▼
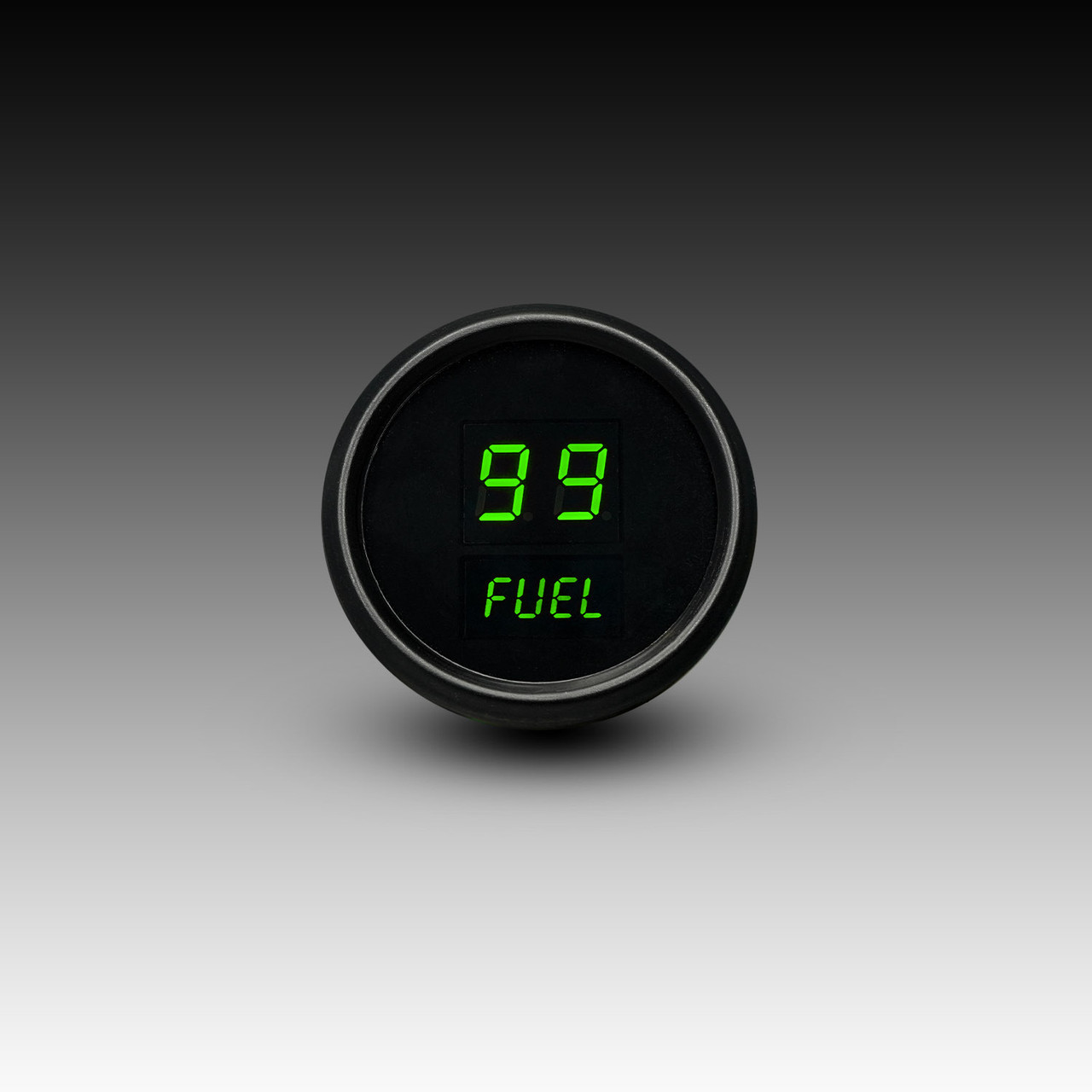 Fuel Level LED Digital Black Bezel - GREEN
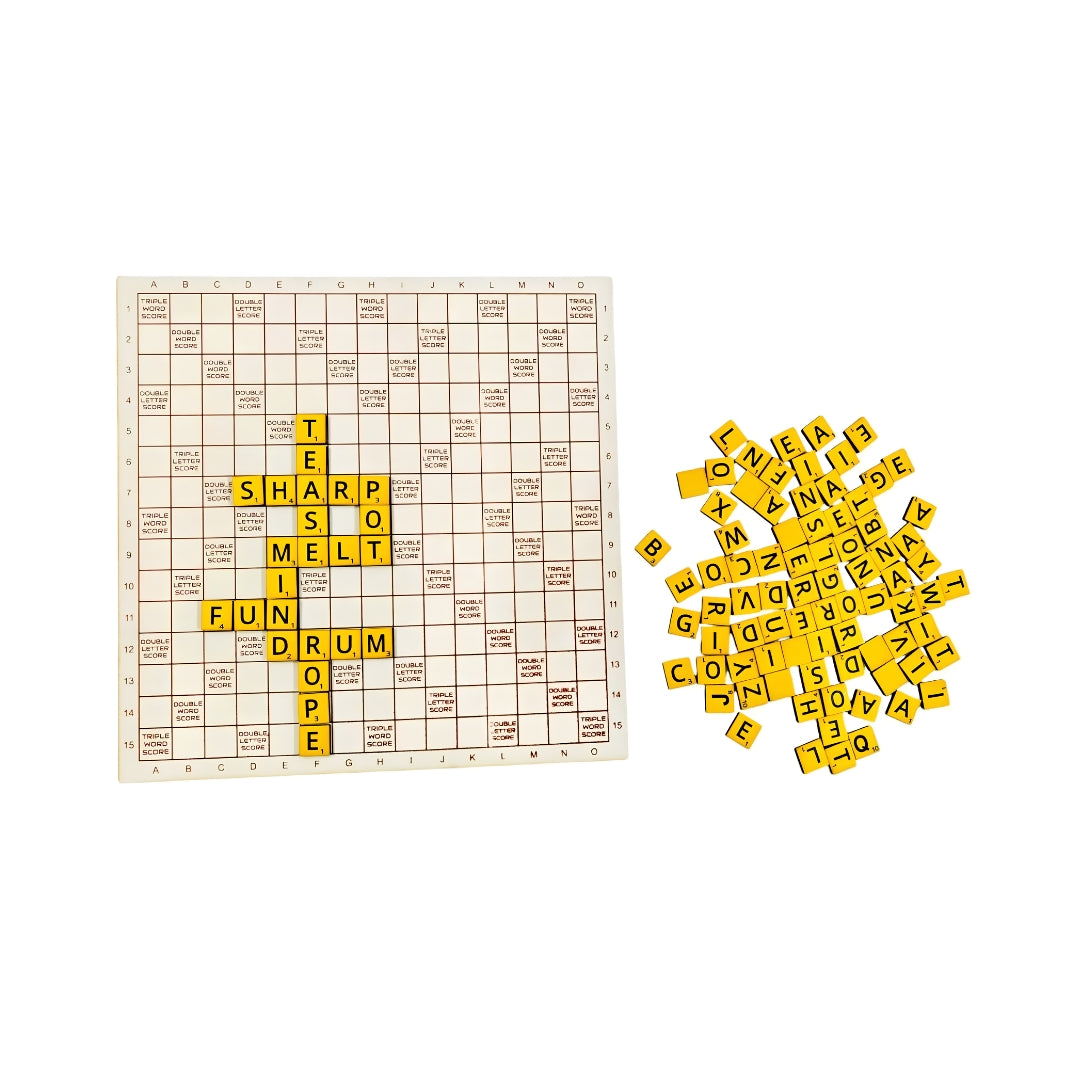 Kraftsman Wooden Word Lord Board Game Top View_3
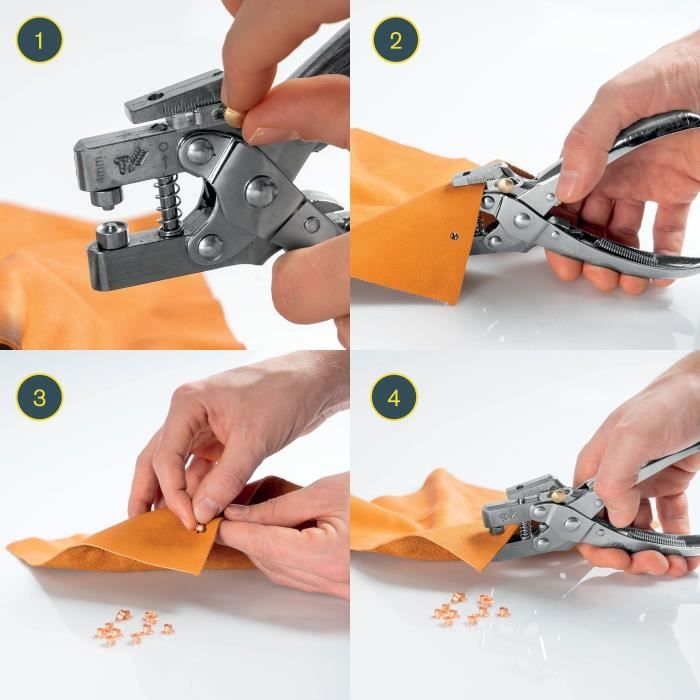 RAPID RP05 Eyelet Pliers - Ø4mm - Includes 105 Eyelets - Punching Function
▲
### Action item
Copy exactly the lines that run from the line containing "Kraftsman Wooden Word" to the end of the data, keeping both end lines and dropping every picture.

### Your solution
 Kraftsman Wooden Word Lord Board Game Top View_3
 RAPID RP05 Eyelet Pliers - Ø4mm - Includes 105 Eyelets - Punching Function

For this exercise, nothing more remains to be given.